Page 1 of 5One of life's biggest ironies is how often people complain about their circumstances, yet rarely do anything about them. It's not that they don't have good intentions, or the desire for change isn't great. It's that change is scary and risky. Even when we're unhappy with our current situation, we are familiar with it. Change is just so unknown!
For this reason, we often miss opportunities, even when they are staring us right in the face. Let me share with you a story about my client, Laurie. Frustrated and burnt out from a very stressful job, Laurie found herself with little energy or time to work on her wellness goals.
Working in the face of constant deadlines led to lots of eating on the run, convenience foods and stress munching. Extraordinarily long hours made getting to the gym difficult. The only enjoyment Laurie got from her work was the huge paycheck she received at the end of the week. Of course, she had no time to spend it on entertainment or shopping. Although her savings was growing, her happiness was declining rapidly.
The one bright spot in Laurie's week was the volunteer work she did with underprivileged children on Saturday mornings. Despite the hectic schedule she kept, she never missed that appointment. She also served on the organization's board, made it to every meeting and did all the bookkeeping for them.
I was fascinated that although she complained about having too much on her plate, Laurie never entertained the idea of giving up her volunteer work. It was the one place she got to use her strengths, forget her daily concerns, and have fun!
Laurie and I began coaching around the idea of looking for another job. As so many others, Laurie had a vision of a better way, even a clear picture of what she would need to get there, but she was so often frozen in her progression. At times, she was desperate to switch gears, and yet sometimes ambivalent about making the change.

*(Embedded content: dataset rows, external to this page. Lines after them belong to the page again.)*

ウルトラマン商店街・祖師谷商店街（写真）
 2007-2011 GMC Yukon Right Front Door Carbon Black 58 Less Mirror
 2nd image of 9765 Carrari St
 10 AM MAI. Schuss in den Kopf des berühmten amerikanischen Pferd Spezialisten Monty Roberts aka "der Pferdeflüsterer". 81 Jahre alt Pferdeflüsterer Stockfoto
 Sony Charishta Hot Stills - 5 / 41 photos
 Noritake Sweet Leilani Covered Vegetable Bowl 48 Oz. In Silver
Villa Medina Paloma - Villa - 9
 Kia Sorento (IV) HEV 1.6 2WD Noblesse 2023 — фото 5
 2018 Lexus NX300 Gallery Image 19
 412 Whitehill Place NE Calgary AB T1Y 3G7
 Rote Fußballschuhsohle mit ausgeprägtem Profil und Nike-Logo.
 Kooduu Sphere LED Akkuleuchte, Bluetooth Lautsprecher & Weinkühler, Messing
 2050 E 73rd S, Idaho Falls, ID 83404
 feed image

The more we talked about it, the more her confusion and worry mounted. What if I can't find a job that pays as well as this one? Could I make do with less? What if I think the new job sounds great, and it turns out to be just as stressful as this one? "What ifs" were keeping Laurie exactly where she was--except now, on top of everything, she was feeling frustrated and annoyed at herself for being "too scared" to try something new.